90 USPQ2d 1228 (10th Cir. Apr. 9, 2009)
The Tenth Circuit Court of Appeals held that the first–sale doctrine is not an available defense for a reseller against an infringement claim where (1) the goods offered by the reseller differ materially from those sold by the trademark owner by nature of their warranty, and (2) these differences are not sufficiently disclosed. The reseller’s explicit online statement that the manufacturer will not honor the warranty for products sold on eBay was considered insufficient to alleviate consumer confusion.
Plaintiff-Appellee Beltronics USA Inc. (“Beltronics”) is a provider of aftermarket vehicle electronics, including radar detectors. Beltronics offers and provides certain products and services for its radar detectors, including software upgrades, rebates, service assistance, warranties, and recalls, to purchasers whose products bear an original Beltronics serial number. Beltronics sells its radar detectors to a limited number of authorized distributors who, in turn, agree to sell them for a set minimum price.
In violation of their agreements with Beltronics, two distributors sold Beltronics radar detectors to the Defendant-Appellant Midwest Inventory Distribution LLC (“Midwest”), who, in turn, resold them as “new” on eBay. To conceal their source, Midwest and/or the distributors obliterated or “replaced” the Beltronics serial numbers on each item. In its eBay listings, Midwest included an explicit statement that the manufacturer would not honor its warranty for items offered on eBay. Because the items did not bear original Beltronics serial numbers, Beltronics denied warranty services to owners of radar detectors purchased from Midwest on eBay.
Following complaints from numerous Midwest purchasers, Beltronics filed suit claiming federal and state trademark infringement and other violations of federal and state law.

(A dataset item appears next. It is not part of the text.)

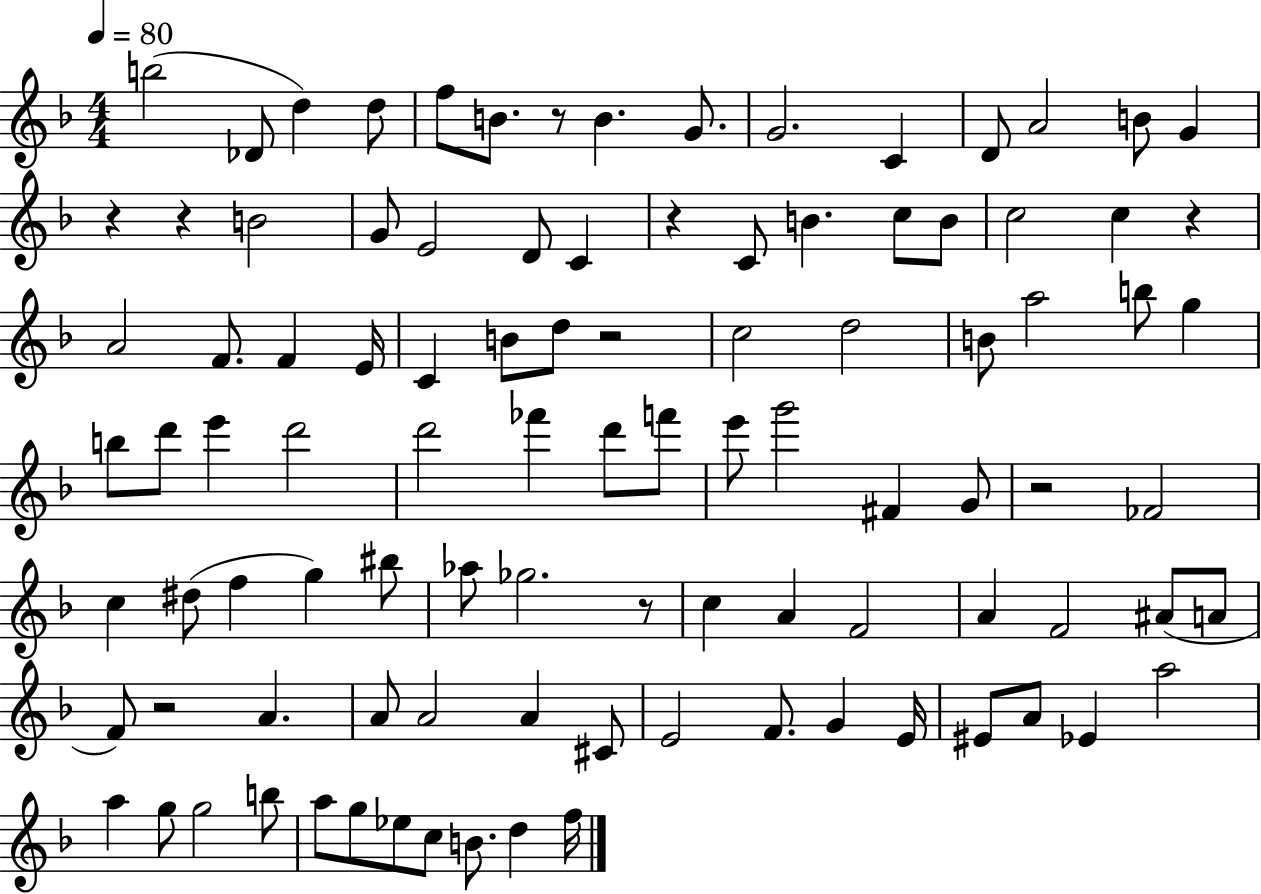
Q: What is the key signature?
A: F major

The District Court of Kansas granted a preliminary injunction in Beltronics’s favor enjoining Midwest’s sales of any Beltronics products not bearing an original serial number. Midwest appealed the order to the Tenth Circuit.

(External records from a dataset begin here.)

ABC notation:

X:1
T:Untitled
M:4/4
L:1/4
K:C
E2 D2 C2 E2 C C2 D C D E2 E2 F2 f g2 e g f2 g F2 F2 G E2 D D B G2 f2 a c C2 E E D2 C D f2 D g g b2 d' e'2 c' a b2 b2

In its appeal, Midwest challenged the district court’s finding that Beltronics had a substantial likelihood of success on the merits of its trademark–infringement claim on two grounds. First, Midwest claimed that its sale of the Beltronics products was protected by the first–sale doctrine because it was selling genuine Beltronics merchandise. While acknowledging that the first–sale doctrine is not applicable when the trademarked goods sold are materially different from those sold by the trademark owner, Midwest argued that material differences are limited to differences in physical quality or control procedures and that mere differences in warranties and other services collateral to a product’s physical quality could not, by law, be “material.” Midwest also challenged the district court’s holding that Midwest’s disclosure to its customers was insufficient to alleviate confusion.
The Tenth Circuit first turned its attention to the issue of “materiality.” The appeals court expressly rejected Midwest’s attempt to restrict the evaluation of materiality solely to differences in physical quality or control procedures, noting that product differences are material “if consumers consider them relevant to their decision whether to buy the product.” The court noted with approval decisions from the Federal Circuit and First Circuit holding that differences in nonphysical characteristics such as warranties or service commitments may be material because they can mislead the consumer and damage the owner’s goodwill. In the absence of any contradicting decisions on this point, the appeals court found no error in the district court’s finding of materiality.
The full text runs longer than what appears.